VİRÜSSAVAR TATMİNKARLIĞI…
Virüs doğurganlaşıp yayıldıkça ve memleketi silme kızıla boyayınca dönem şartları daha da ağırlaştı. Virüssavarlık işe yaramadı. Maddi manevi yıkımlar, ağırlıklı şekilsizlik seyir halinde parladı. Anlık sapmalar, alışkanlıklarda boş ısrarcılık, inanılmaz boyutta değiştirdi yaşam öykülerini. Tatminkar çevrelerde bile yoksunluk, yoksulluk, yolsuzluk, nerede ne ararsan var oğlu var halde...

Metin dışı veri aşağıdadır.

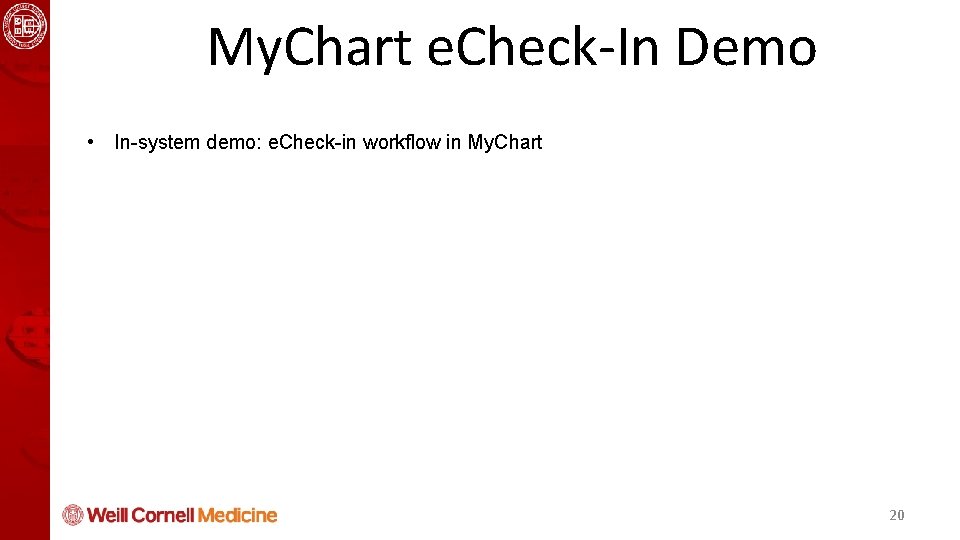 Health Informatics and Quality Course My. Chart e. Check-In Demo • In-system demo: e.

Virüs yeniden biçimlendirecek gibi yeryüzünü ama şimdilik yeryüzü yarı açık cezaevi, bazen kapalısı. Aç bilaç virüse yakalanma aralığı da gittikçe daralıyor, bulaş riski dünyada birincilik basamağında geziniyor. Makas daraldıkça bilinç, bilinçaltı, ruhsal derinlik ve direnç önem kazanıyor ama anlayan yok, kazara da olsa virüs ile yakınlaşma riski ise an meselesi. Virüs vahameti yüksek noktalara çekilmiş ölüm bombası. Asıl korku ise sirayet korkusu.
Siyaset üssü ise felaketi önlemek için önce filtrelemeyi şartlamış. Sonra şartlar şurtlar, maske, hijyen, sosyal mesafe tedbirleri. Ancak fiziksel temas çok var. Varı yoğu, standart uyum, duygu denkliği ve dengelilik ögelerine riayet yok. Ve hala riyakarlık var. Böylesi bir bozgunda duyarsız ve umarsız tavırlılık ise dengeyi hepten şaşırtan fenalık...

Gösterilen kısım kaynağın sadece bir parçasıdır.